Starting with ONTAP 9.6, the healing operations are performed automatically when the disaster site nodes boot up. The healing commands are not required.

These steps are performed on the surviving cluster.

  1. If you are using ONTAP 9.6 or later, you must verify that automatic healing completed successfully:
    1. Confirm that the heal-aggr-auto and heal-root-aggr-auto operations completed: metrocluster operation history show

      Example

      The following output shows that the operations have completed successfully on cluster_A.

      cluster_B::*> metrocluster operation history show
      Operation State Start Time End Time
      ----------------------------- -------------- ---------------- ----------------
      heal-root-aggr-auto successful 2/25/2019 06:45:58
      2/25/2019 06:46:02
      heal-aggr-auto successful 2/25/2019 06:45:48
      2/25/2019 06:45:52
      .
      .
      .

    2. Confirm that the disaster site is ready for switchback:metrocluster node show

      Example

      The following output shows that the operations have completed successfully on cluster_A.

      cluster_B::*> metrocluster node show
      DR Configuration DR
      Group Cluster Node State Mirroring Mode
      ----- ------- ------------- -------------- --------- --------------------
      1 cluster_A
      node_A_1 configured enabled heal roots completed
      node_A_2 configured enabled heal roots completed
      cluster_B
      node_B_1 configured enabled waiting for switchback recovery
      node_B_2 configured enabled waiting for switchback recovery
      4 entries were displayed.
  2. If you are using ONTAP 9.5 or earlier, you must perform aggregate healing:
    1. Verify the state of the nodes: metrocluster node show

      Example

      The following output shows that switchover has completed, so healing can be performed.

      cluster_B::> metrocluster node show
      DR Configuration DR
      Group Cluster Node State Mirroring Mode
      ----- ------- ------------------ -------------- --------- --------------------
      1 cluster_B
      node_B_1 configured enabled switchover completed
      node_B_2 configured enabled switchover completed
      cluster_A
      node_A_1 configured enabled waiting for switchback recovery
      node_A_2 configured enabled waiting for switchback recovery
      4 entries were displayed.

      cluster_B::>
    2. Perform the aggregates healing phase: metrocluster heal -phase aggregates

      Example

      The following output shows a typical aggregates healing operation.

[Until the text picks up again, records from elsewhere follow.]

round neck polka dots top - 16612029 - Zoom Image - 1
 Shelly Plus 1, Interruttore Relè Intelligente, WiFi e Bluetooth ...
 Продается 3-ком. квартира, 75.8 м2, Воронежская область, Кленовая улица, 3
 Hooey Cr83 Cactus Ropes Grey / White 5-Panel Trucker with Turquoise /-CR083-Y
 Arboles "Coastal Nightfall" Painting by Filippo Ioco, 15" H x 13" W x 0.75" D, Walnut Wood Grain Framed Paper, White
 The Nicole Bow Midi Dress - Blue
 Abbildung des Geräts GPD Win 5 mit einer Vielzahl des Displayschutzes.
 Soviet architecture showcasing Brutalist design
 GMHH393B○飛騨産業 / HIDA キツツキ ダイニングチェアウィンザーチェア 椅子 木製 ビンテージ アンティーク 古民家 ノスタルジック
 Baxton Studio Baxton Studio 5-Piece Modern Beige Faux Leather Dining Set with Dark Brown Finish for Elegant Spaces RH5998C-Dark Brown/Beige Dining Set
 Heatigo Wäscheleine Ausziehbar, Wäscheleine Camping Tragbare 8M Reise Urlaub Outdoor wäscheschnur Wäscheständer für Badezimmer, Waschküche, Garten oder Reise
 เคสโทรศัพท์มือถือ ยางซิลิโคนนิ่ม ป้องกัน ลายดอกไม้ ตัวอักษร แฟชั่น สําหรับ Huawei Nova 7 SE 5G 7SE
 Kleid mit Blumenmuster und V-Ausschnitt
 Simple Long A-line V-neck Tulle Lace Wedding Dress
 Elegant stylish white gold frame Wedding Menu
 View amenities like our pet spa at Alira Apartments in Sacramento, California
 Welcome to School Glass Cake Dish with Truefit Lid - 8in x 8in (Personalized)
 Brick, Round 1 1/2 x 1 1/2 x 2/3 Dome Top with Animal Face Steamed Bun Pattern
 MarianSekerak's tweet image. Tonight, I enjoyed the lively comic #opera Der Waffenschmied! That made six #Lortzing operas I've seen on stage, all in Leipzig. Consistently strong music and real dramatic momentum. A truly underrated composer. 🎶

      cluster_B::*> metrocluster heal -phase aggregates
      [Job 647] Job succeeded: Heal Aggregates is successful.

      cluster_B::*> metrocluster operation show
      Operation: heal-aggregates
      State: successful
      Start Time: 10/26/2017 12:01:15
      End Time: 10/26/2017 12:01:17
      Errors: -

      cluster_B::*>
    3. Verify that heal aggregates has completed and the disaster site is ready for switchback: metrocluster node show

      Example

      The following output shows that the heal aggregates phase has completed on cluster_A.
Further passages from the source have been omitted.